I intend to buy either the ESEE RC-6 or the Fallkniven S1 I am buying this knife to be my general purpose knife which means it will do everything from skinning to carving but it will not be used as a chopper nor will it probably be batoned very often.My biggest worry is rust as the humidity gets very high here rust is a major major issue every carbon knife I owned got at least mild rust from the air in a matter of days though stainless knives are immune which makes the Fallkniven attractive because I have a mild rust phobia the inch less of blade does not matter to me becuase it will not be a chopper anyway. But two issues with stainless steel is tip breakage and edge deformation from being dropped, how does the fallkniven VG-!) compare to 1095 in durability? I want it to be tough enough the tip wont snap off in a tree and I want the edge to hold up to being dropped on rocks by mistake. Can someone fill me in on the plus and minuses of each knife as well as how tough the fallkniven S1 is? It would be appreciated.

Edit: I don't want to use tufcloth on it because Ill be cutting food with it and mineral oil rubs off too easy so naturally stainless is preferable
 
I'm not gonna be a huge help here because I don't own both, but as long as you use the 1095, the edge wont rust out or pit. The rest is coated and won't rust.
 
I'm not gonna be a huge help here because I don't own both, but as long as you use the 1095, the edge wont rust out or pit. The rest is coated and won't rust.

Perhaps your right but something tells me if I use the knife hard enough to wear the rust off the coating will also wear.
 
Fallkniven S1 is a very tough knife. It is quite a bit smaller than the RC6 as well (physical dimensions wise.

I have knives from both ESEE and Fallkniven. The VG10 from Fallkniven compares very favorably with 1095. It takes and holds an excellent edge and resharpens easily as well.

Both knives will easily meet and exceed all your durability requirements.

Your phobia about 1095 is probably a bit ill founded however since I have carried 1095 knives for years and have carried blades often for months at a time in the field and have never had a 1095 blade rust in normal use. If you dry it after use and oil it occasionaly you will have no problems.

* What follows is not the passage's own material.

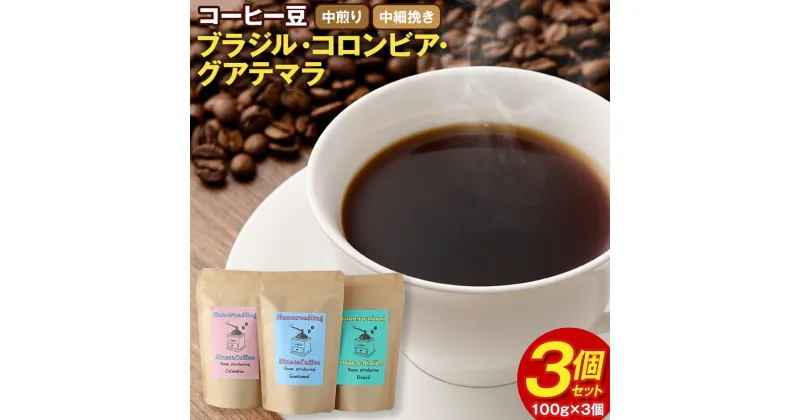 【ふるさと納税】コーヒー豆 3個セット (100g×3個) 合計300g ブラジル コロンビア グアテマラ 中煎り 中細挽き 3種 ギフトBOX付き コーヒー 珈琲 自家焙煎 ひなた珈琲 幸田町 送料無料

The S1 does have an advantage if you are in an arctic environment in that the handle is insulated. It also has the advantage around seawater and coastal regions.

If your need is for a general field knife which will be used for skinning you may want to look into the ESEE4 (RC4) rather than the RC6 as it is much handier in that use. As to the Fallknivens the F1 would make a better skinner than the S1 but either would work easier for most than the RC4 or 6, this is due to their not having a choil which tends to get caught on the hide when skinning.

Knives fromn either company are excellent tools, made of great materials. So it comes down to which design meets your tastes better.
 
Fallkniven S1 is a very tough knife. It is quite a bit smaller than the RC6 as well (physical dimensions wise.

I have knives from both ESEE and Fallkniven. The VG10 from Fallkniven compares very favorably with 1095. It takes and holds an excellent edge and resharpens easily as well.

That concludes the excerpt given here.